It’s been about two weeks since I have really put pen to paper, or blogged. I wondered about this and caught myself doing the familiar shaming. My critic was quickly ready to interject with a string of scoldings. But the truth is, sometimes I don’t want to say anything. I don’t want to write, to speak, to communicate anything in depth.
I feel guiltand shame about this. The voice says, “a writer should write, whether they feel like it or not”. At least that is what I’ve always told myself. “If you are not writing you are not a writer. Butt in Chair, always.”
But sometimes, one must retract into solitude. Sometimes one has little to say because we are busy processing, percolating, being, and doing. Sometimes, we feel as if we have said too much and it is time to listen. Sometimes we may even get tired of what we have to say, because we find ourselves saying the same story in different ways.
Whatever the reason, this time of retracting into solitude, into a space of not expressing ourselves with the written word, does not have to become a state of loneliness. This solitude can be a sacred act of being with oneself.
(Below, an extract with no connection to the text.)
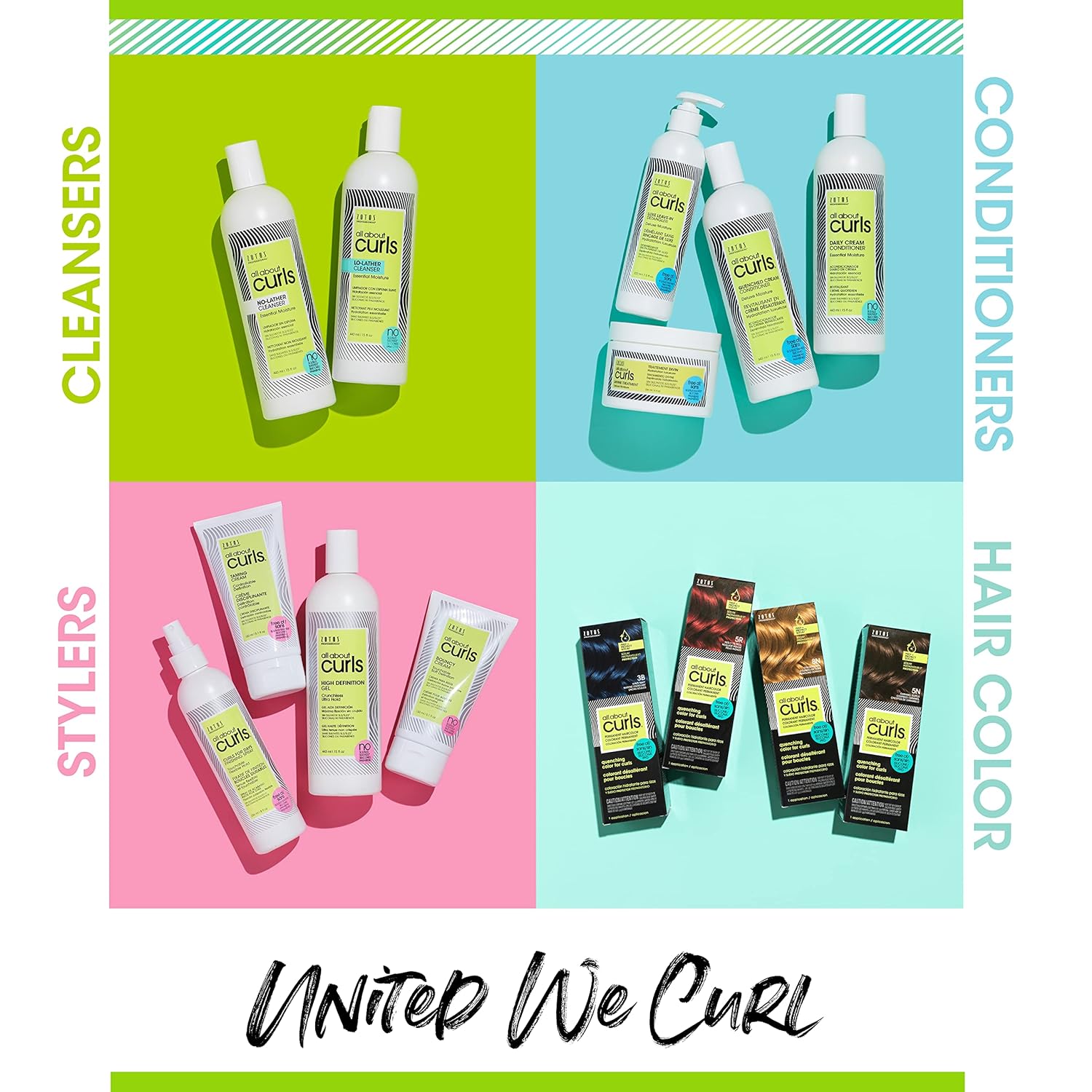 ALL ABOUT CURLS High Definition Gel | For Curly Hair Styling | Alcohol-Free | Moisturize, Define & Enhance Texture | Reduce Frizz & Boost Shine | Crunchless Ultra Hold | Vegan, Sulfate & Paraben Free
And perhaps retracting is too strong of a word because it implies that one has drawn back out of fear or some negative reason.
Perhaps drawing into oneself, cocooning in way that symbolizes preparation and growth rings better to the soul. Perhaps using the solitude to listen to the voice of God, truth and one’s highest self can be a beautiful thing, if we can stand it long enough…without shame and guilt rearing their ugly heads.